====== Data under study ======
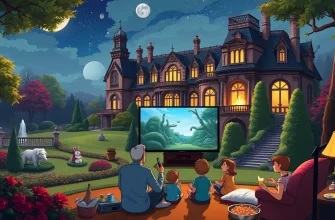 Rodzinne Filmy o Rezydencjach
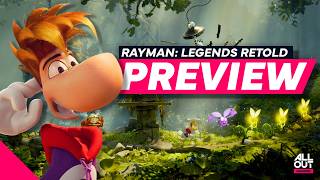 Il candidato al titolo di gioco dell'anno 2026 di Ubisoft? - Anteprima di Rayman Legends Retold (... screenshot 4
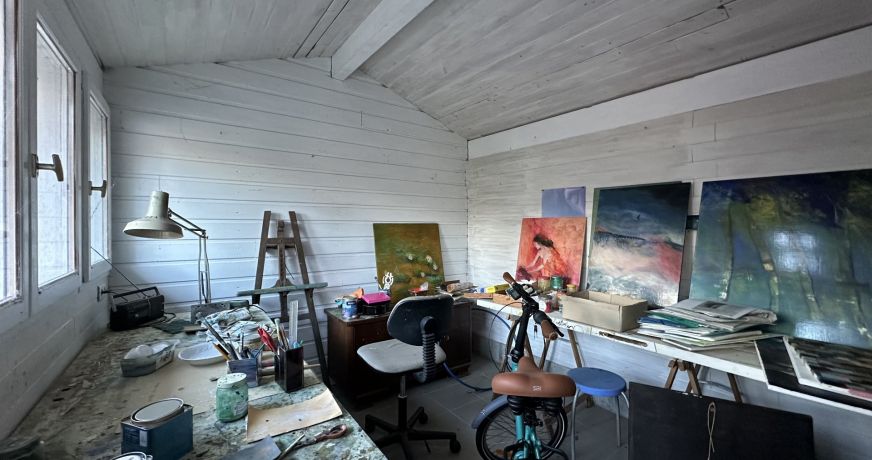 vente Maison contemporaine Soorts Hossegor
======
====== Data under study ======
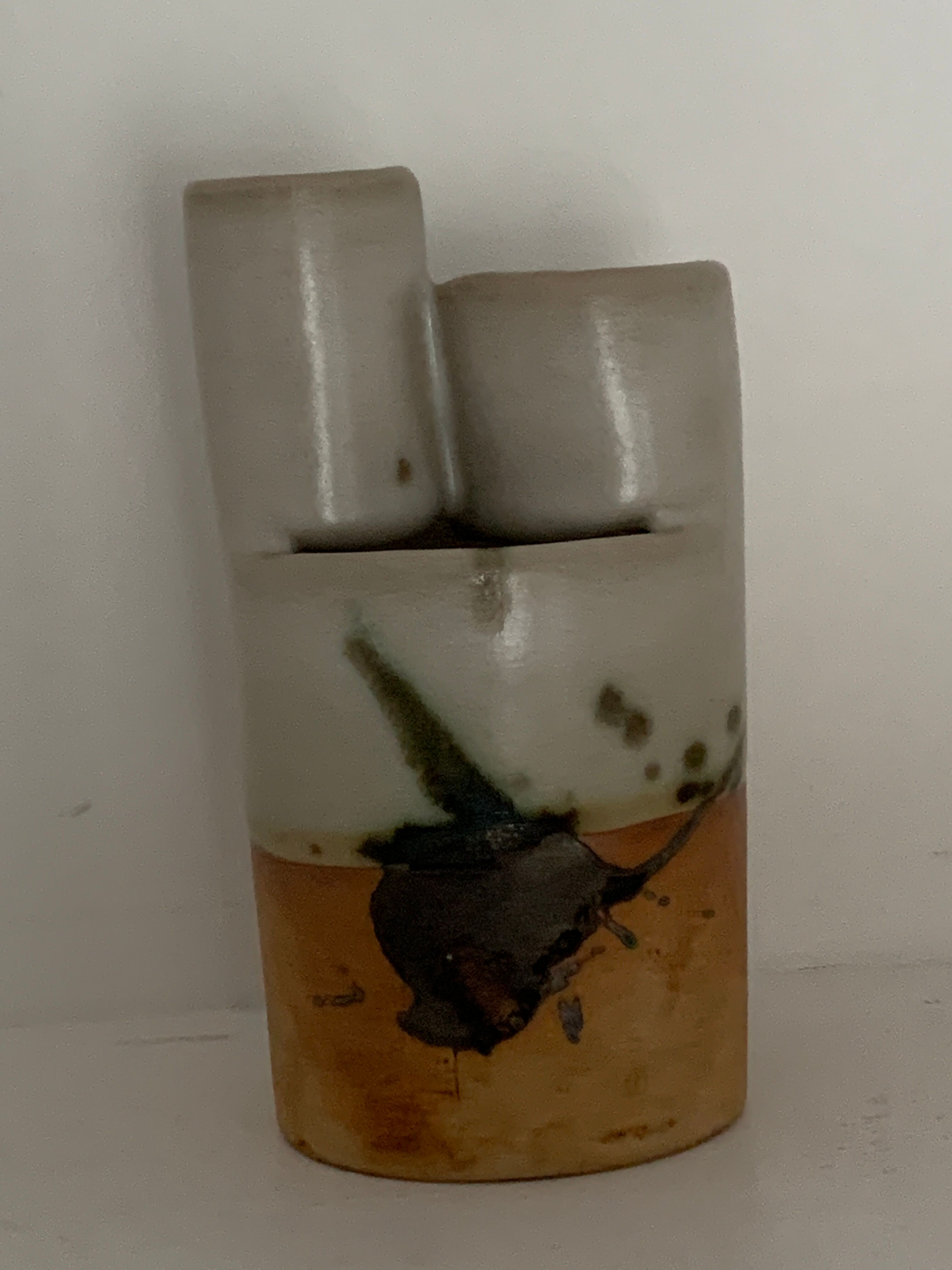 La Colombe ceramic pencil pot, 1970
======
====== Data under study ======
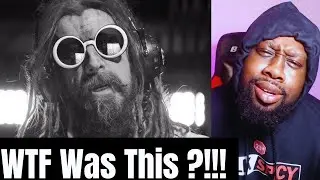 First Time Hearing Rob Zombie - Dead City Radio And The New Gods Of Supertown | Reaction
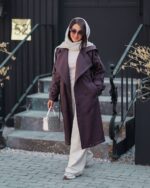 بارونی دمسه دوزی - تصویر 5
======
◆ **Task brief**
Give back exactly the lines above from the one with "Rodzinne Filmy o Rezydencjach" through the one with "vente Maison contemporaine Soorts Hossegor", both included. Pictures don't belong in the copy.

◆ **Exercise result**
 Rodzinne Filmy o Rezydencjach
 Il candidato al titolo di gioco dell'anno 2026 di Ubisoft? - Anteprima di Rayman Legends Retold (... screenshot 4
 vente Maison contemporaine Soorts Hossegor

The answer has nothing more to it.